● **TRY IT**: Please print exactly the lines from the line containing "Set camicia e" through the end of the data, no more, and keep pictures out of the copy.

┌────────

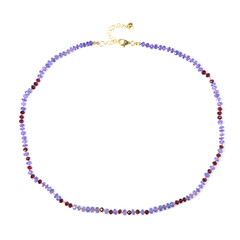 Tanzanite Silver Necklace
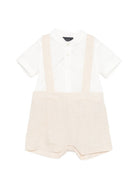 Set camicia e salopette per neonato Fay Kids multicolore con colletto tondo FYA511 I0318 109AV FAY KIDS 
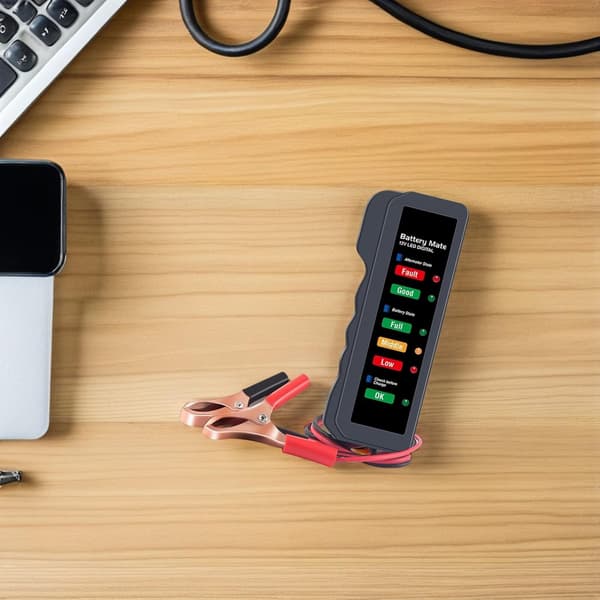 2 stk. batteritester for bilspenning, intern motstandstester, multifunksjonell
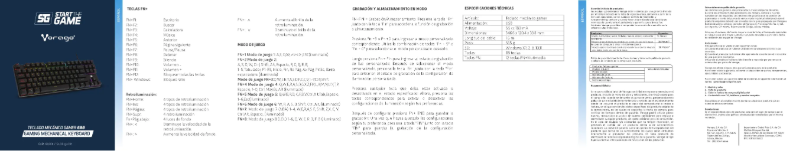 Imagen de la primera página del manual del dispositivo KB-600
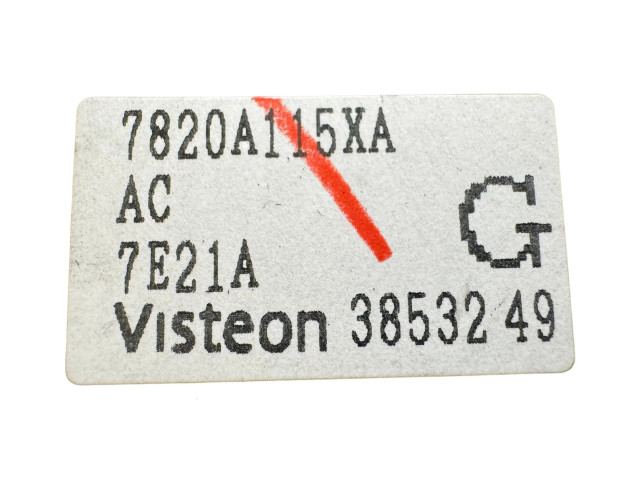 Блок управления климат-контролем 7820A115XA, 3853249 Mitsubishi Outlander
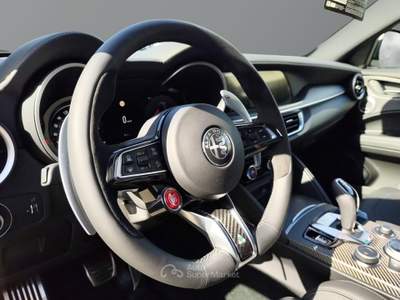Alfa Romeo Stelvio Stelvio 2.9 Bi-Turbo V6 520 CV AT8 Q4 Quadrifoglio *IVA ESPOSTA*AKRAPOVIC* Nero usata Roma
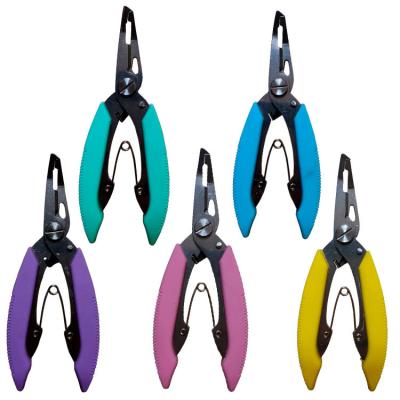 China Pliers Handle Durable Multicolor Fishing Rubber Fishing Line Cutting Pliers Outdoor Fishing Tools for sale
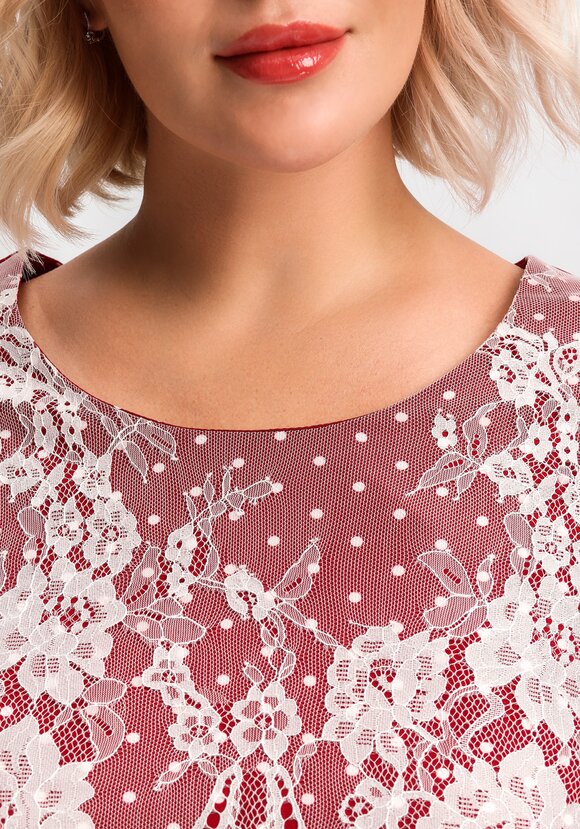 Блуза с кружевом по плечам шир.  580, рис. 14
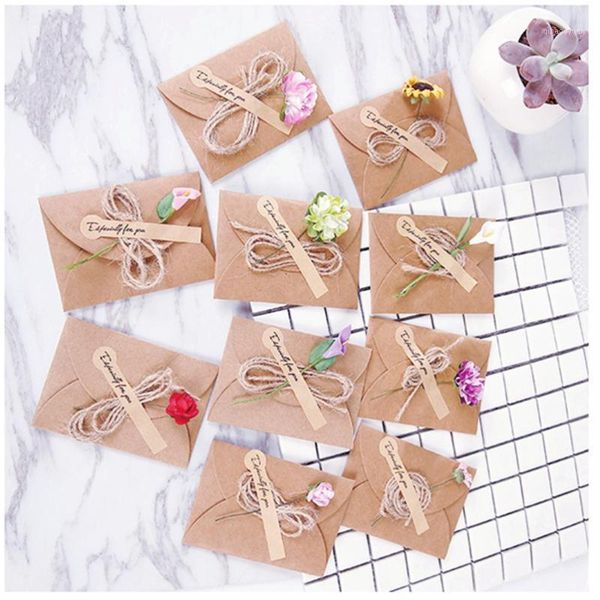 10pcs vintage kraft paper greeting card handmade diy invitation card wish gift for friends teachers mom1
10pcs vintage kraft paper greeting card handmade diy invitation card wish gift for friends teachers mom1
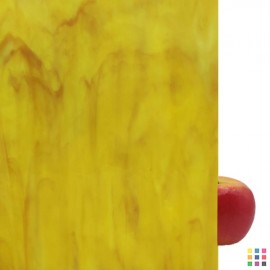 H Opalescent 167 jaune 27x30cm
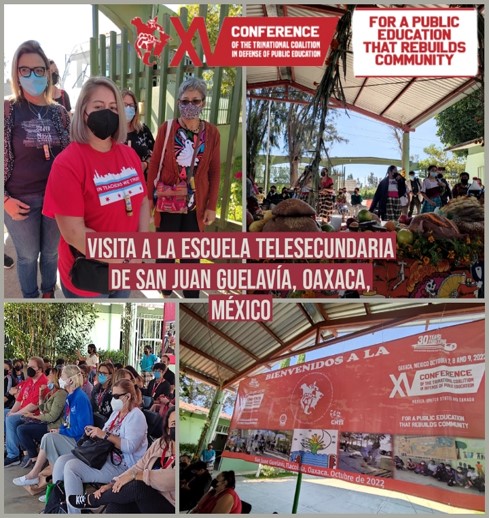 foto visita a escuela rural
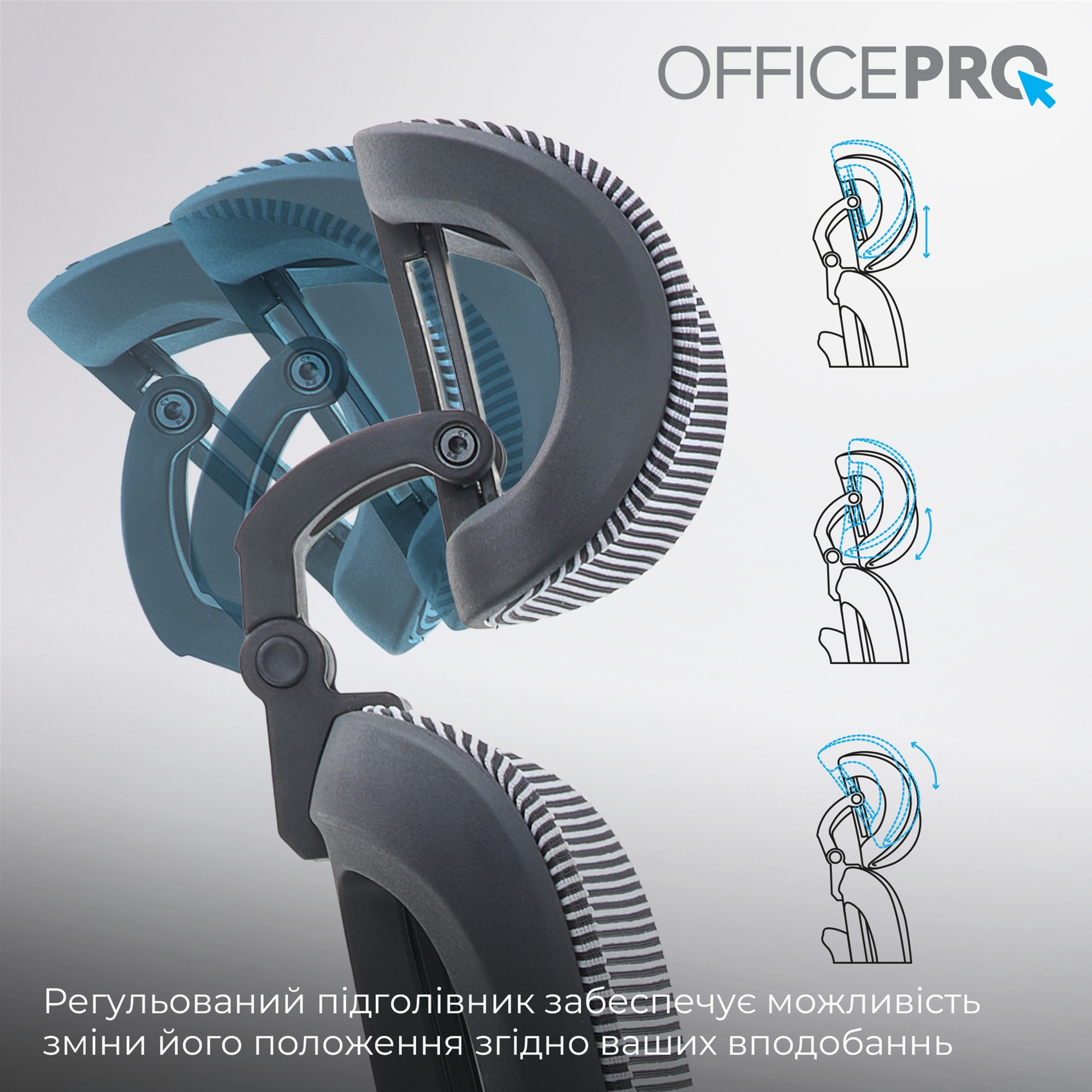Кресло офисное Officepro Skyline OC680-B-G-G Black/Grey Кресло офисное Officepro Skyline OC680-B-G-G Black/Grey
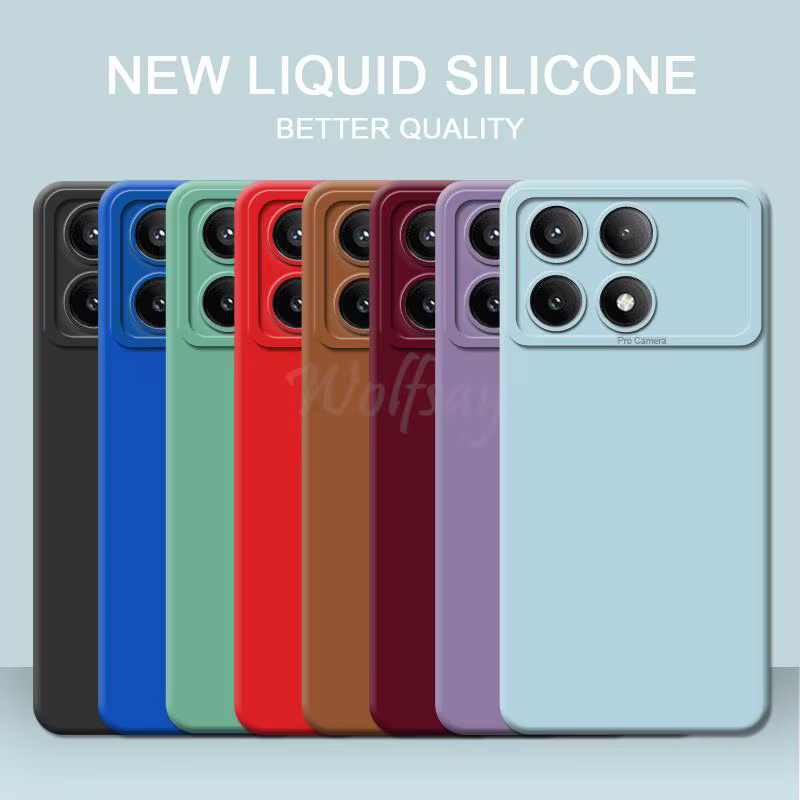 Funda Silicona Líquida Xiaomi POCO X6 Pro – Protección Cámara - imagen 2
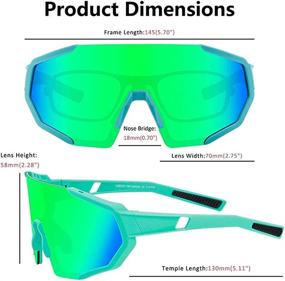 img 1 attached to Polarized Sports Sunglasses with Interchangeable Lenses for Men and Women - Ideal for Cycling, Baseball, Running, Fishing, and Golf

└────────

● **TASK OUTPUT**:
 Set camicia e salopette per neonato Fay Kids multicolore con colletto tondo FYA511 I0318 109AV FAY KIDS 
 2 stk. batteritester for bilspenning, intern motstandstester, multifunksjonell
 Imagen de la primera página del manual del dispositivo KB-600
 Блок управления климат-контролем 7820A115XA, 3853249 Mitsubishi Outlander
Alfa Romeo Stelvio Stelvio 2.9 Bi-Turbo V6 520 CV AT8 Q4 Quadrifoglio *IVA ESPOSTA*AKRAPOVIC* Nero usata Roma
 China Pliers Handle Durable Multicolor Fishing Rubber Fishing Line Cutting Pliers Outdoor Fishing Tools for sale
 Блуза с кружевом по плечам шир.  580, рис. 14
 10pcs vintage kraft paper greeting card handmade diy invitation card wish gift for friends teachers mom1
10pcs vintage kraft paper greeting card handmade diy invitation card wish gift for friends teachers mom1
 H Opalescent 167 jaune 27x30cm
 foto visita a escuela rural
Кресло офисное Officepro Skyline OC680-B-G-G Black/Grey Кресло офисное Officepro Skyline OC680-B-G-G Black/Grey
 Funda Silicona Líquida Xiaomi POCO X6 Pro – Protección Cámara - imagen 2
 img 1 attached to Polarized Sports Sunglasses with Interchangeable Lenses for Men and Women - Ideal for Cycling, Baseball, Running, Fishing, and Golf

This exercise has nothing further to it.